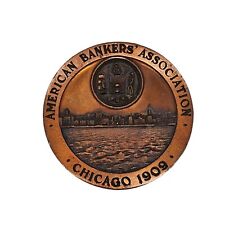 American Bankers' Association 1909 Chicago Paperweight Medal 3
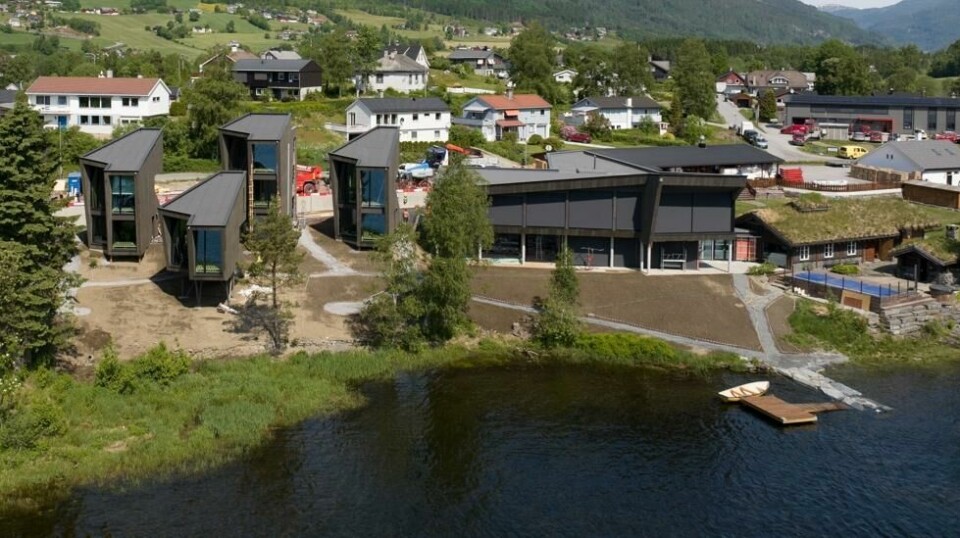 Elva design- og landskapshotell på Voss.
--
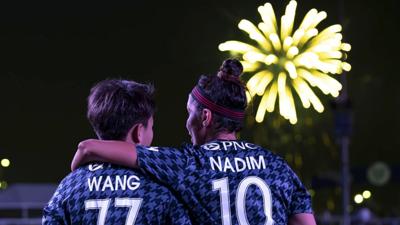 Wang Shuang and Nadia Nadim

(Task description):
Print an exact copy of the lines above, from the one containing "American Bankers' Association" through the one containing "Elva design- og landskapshotell på Voss.", and leave out the pictures.

(Solution):
 American Bankers' Association 1909 Chicago Paperweight Medal 3
 Elva design- og landskapshotell på Voss.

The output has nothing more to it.